**Task details**
An exact transcription of all the data is required, with every image removed.

**Given information**
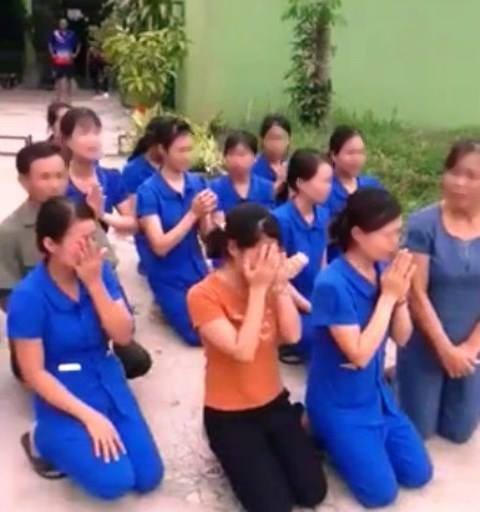 Kỷ luật hàng loạt cán bộ vụ các cô giáo quỳ khóc xin dạy học - 1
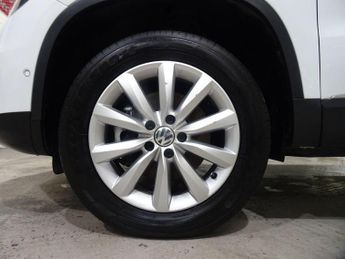 Volkswagen Tiguan 2.0 TDI BlueMotion Tech Match DSG 4WD Euro 5 (s/s) 5dr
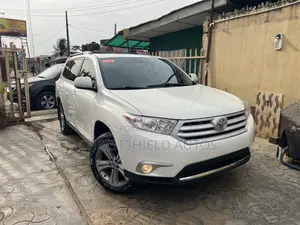 Toyota Highlander Limited 2012 White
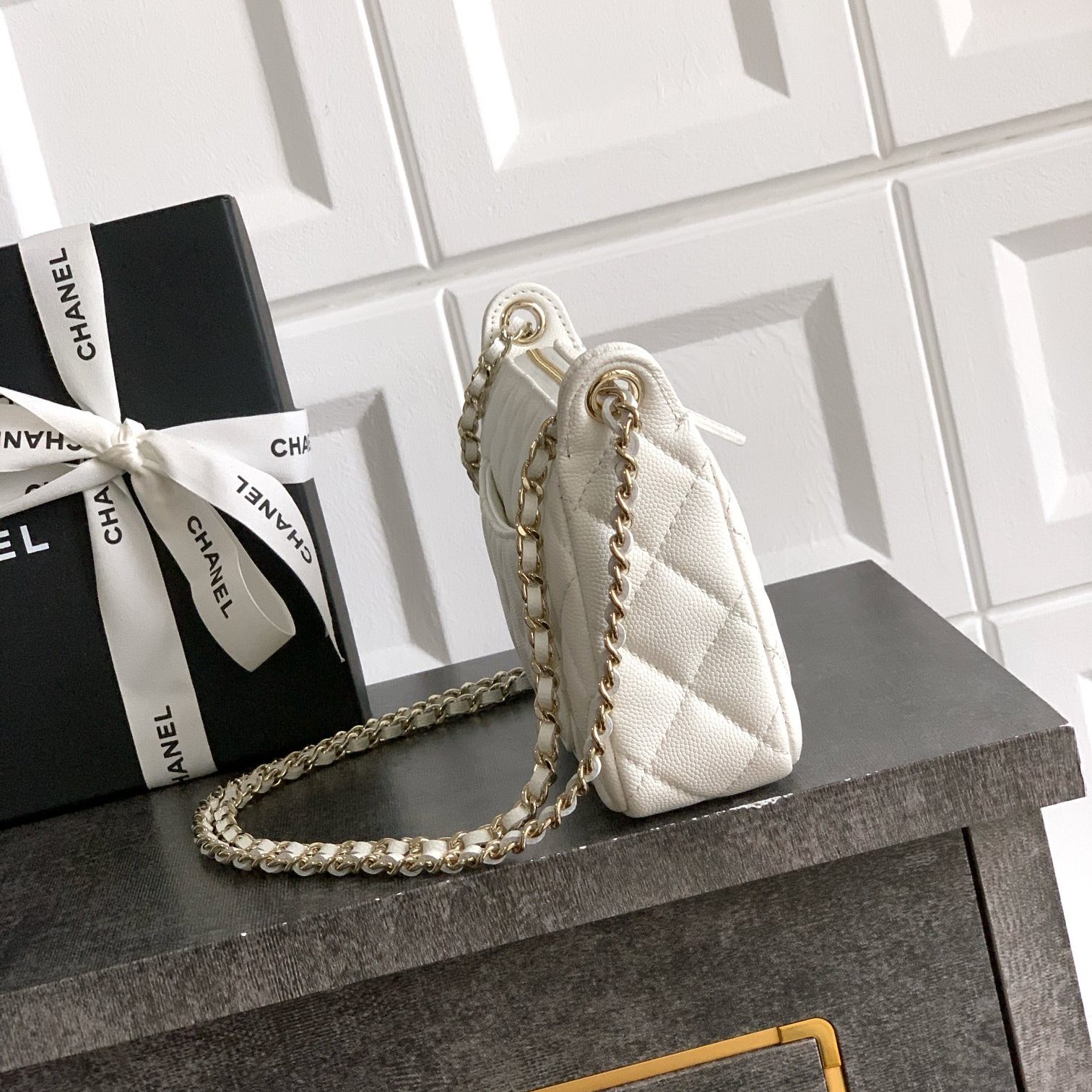 Chanel Wallet on Chain (WOC) in Caviar Leather with Zipper Closure for Shoulder BagCrossbody Bags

**Response to the task**
 Kỷ luật hàng loạt cán bộ vụ các cô giáo quỳ khóc xin dạy học - 1
 Volkswagen Tiguan 2.0 TDI BlueMotion Tech Match DSG 4WD Euro 5 (s/s) 5dr
 Toyota Highlander Limited 2012 White
 Chanel Wallet on Chain (WOC) in Caviar Leather with Zipper Closure for Shoulder BagCrossbody Bags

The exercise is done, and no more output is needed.